The square concrete-filled steel tube (CFST) column enjoys the advantages of high bearing capacity, a simple structure of beam-column joints, good ductility and seismic performance. Therefore, the square CFST columns are introduced as the boundary frame of buckling-restrained steel plate shear wall (SPSW). To investigate the cyclic behaviour of cross-shaped buckling-restrained SPSW with a composite frame consisting of H-shaped steel beams and square CFST columns, two specimens were prepared and tested under the cyclic quasi-static loading, and the failure modes and hysteretic curves of the specimens were discussed. Experimental results show that the cross-shaped buckling-restrained stiffeners can significantly reduce the out-of-plane deformation of the steel plate and improve the bearing capacity of SPSW structures. The finite element (FE) models of SPSWs with cross-shaped stiffeners were developed, and good agreement was observed between the FE analysis results and test results for the failure modes, skeleton curves and bearing capacity.
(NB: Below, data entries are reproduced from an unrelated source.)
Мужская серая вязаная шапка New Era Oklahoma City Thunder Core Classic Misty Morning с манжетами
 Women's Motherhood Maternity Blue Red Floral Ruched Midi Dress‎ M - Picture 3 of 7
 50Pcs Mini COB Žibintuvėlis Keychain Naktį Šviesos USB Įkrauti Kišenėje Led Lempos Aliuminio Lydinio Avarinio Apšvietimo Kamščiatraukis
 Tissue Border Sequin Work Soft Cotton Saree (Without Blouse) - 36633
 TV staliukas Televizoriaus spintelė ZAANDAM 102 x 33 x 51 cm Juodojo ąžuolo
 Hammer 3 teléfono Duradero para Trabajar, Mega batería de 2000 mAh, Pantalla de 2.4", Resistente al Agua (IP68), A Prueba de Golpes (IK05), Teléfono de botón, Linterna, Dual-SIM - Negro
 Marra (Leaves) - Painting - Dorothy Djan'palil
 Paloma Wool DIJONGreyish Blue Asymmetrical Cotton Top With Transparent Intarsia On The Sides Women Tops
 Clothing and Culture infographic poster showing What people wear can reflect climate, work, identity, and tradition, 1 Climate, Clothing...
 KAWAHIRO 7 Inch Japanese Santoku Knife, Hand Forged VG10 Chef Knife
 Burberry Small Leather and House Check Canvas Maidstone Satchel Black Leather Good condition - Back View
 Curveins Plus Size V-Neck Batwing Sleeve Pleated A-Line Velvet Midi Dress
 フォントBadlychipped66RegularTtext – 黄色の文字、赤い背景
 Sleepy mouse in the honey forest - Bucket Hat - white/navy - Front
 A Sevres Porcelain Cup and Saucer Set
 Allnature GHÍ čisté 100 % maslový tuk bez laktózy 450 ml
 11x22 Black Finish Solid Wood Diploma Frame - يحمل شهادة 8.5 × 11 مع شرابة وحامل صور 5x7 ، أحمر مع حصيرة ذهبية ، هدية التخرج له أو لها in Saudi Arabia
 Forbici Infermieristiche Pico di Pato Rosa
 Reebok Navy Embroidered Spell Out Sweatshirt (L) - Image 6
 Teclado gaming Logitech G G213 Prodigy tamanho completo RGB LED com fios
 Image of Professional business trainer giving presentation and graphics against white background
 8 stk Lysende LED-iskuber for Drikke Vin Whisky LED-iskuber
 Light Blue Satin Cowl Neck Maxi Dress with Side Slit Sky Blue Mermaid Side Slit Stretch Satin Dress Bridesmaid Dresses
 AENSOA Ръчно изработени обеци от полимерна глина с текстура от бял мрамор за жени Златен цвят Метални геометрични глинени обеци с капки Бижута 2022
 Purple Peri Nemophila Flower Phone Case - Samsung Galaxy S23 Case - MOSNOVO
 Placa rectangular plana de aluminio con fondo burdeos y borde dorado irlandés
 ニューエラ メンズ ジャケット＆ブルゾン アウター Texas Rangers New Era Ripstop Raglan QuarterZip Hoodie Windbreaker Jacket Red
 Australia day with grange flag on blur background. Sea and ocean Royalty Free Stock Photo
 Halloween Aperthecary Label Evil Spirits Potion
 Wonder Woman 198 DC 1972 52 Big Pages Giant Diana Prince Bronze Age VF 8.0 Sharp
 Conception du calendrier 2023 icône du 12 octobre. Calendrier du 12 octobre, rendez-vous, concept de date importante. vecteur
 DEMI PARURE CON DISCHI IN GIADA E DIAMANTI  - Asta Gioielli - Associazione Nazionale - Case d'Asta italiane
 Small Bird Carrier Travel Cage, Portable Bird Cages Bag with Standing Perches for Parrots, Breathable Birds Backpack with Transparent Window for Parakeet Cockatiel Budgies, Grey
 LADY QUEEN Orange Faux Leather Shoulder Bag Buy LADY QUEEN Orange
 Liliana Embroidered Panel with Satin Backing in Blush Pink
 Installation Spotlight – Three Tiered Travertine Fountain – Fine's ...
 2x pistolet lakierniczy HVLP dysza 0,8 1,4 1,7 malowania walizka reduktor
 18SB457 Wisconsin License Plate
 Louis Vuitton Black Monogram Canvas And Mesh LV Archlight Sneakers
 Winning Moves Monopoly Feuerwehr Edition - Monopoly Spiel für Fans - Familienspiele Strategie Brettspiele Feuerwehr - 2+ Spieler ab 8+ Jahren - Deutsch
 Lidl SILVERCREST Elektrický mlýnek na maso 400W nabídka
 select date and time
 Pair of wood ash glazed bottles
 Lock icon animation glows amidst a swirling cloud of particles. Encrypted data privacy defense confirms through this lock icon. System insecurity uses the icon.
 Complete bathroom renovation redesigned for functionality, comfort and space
Based on the parameter analysis results of the cross-shaped buckling-restrained SPSWs structures, it is assumed that the strength of the embedded steel plate can be fully exerted when the flexibility coefficient of square CFST columns is no greater than 2.5. In addition, the design rules of the flexibility coefficient of square CFST columns were proposed to promote the application of SPSW buckling-restrained by cross-shaped stiffeners in high-rise buildings.